Molta parte del mondo del lavoro ha “investito” nel nuovo Governo di
centro-sinistra (la cui vittoria, non va dimenticato, è stata
risicata), con forti attese di segnali significativi di inversione
di tendenza. Ma sia la Finanziaria dello scorso anno sia i
provvedimenti successivi sono segnati da attenzioni e trasferimenti
(strutturali) al mondo delle imprese, mentre i pur presenti
interventi per i lavoratori e le fasce “deboli” della società sono
risibili e neppure emblematici e spesso “una tantum”.
E non tutto avrebbe il problema del costo per lo Stato: basti
pensare alla legge 30 e al Dlgs 368 (tempo determinato) e 66
(orari), così come alla legge sulla rappresentanza (non solo per le
organizzazioni sindacali, ma anche per quelle datoriali).
Perché non si fa? Perché l’egemonia culturale e i rapporti sociali
nella nostra società sono sostanzialmente rimasti quelli del tempo
del Patto per l’Italia; e non è gridando di più che risolviamo
problemi di enorme portata come quelli che dobbiamo affrontare in
questa fase.
Nell’ultimo congresso della CGIL abbiamo definito un programma per
“Riprogettare il Paese” ed oggi dobbiamo riconoscere che non si va
in quella direzione, che non si fa vivere tra la gente, anzi viene
avanti un progetto ed un processo di “assuefazione all’esistente”.

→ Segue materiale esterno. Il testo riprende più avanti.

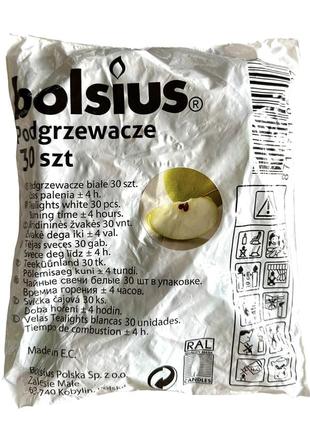 Чайна свічка bolsius з ароматом зеленого яблука 30шт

Il programma del XV° Congresso, che ritengo tuttora valido, si è
arenato non soltanto per il prevalere di altri e diversi progetti ma
perché la sua attuazione comportava una forte innovazione delle
politiche sociali e contrattuali del sindacato e della CGIL, un
rinnovamento profondo della nostra organizzazione, una forte
autonomia dal Governo. Ha prevalso invece una lettura “politicista”
di schieramento.
Il progressivo spostamento verso il centro e addirittura la destra
di parte consistente della società e dello stesso elettorato di
centrosinistra non è avvenuto solo sul terreno sociale: basti qui
citare gli episodi sempre più frequenti di intolleranza e razzismo,
la sicurezza declinata rispetto alla microcriminalità (e non
sicurezza alla salute, al lavoro, a un ambiente sano, a una casa,
…), la riduzione degli spazi di laicità, l’idea di democrazia
secondo un modello americano, gli attacchi al ruolo dello Stato e
dei soggetti pubblici verso più ampi spazi di intervento del
privato, l’impostazione fiscale che ha privilegiato quasi
esclusivamente le aziende segno che è passata l’idea che solo
favorendo le imprese si può favorire il lavoro, la subordinazione
anche culturale al mercato, il “grillismo”, ….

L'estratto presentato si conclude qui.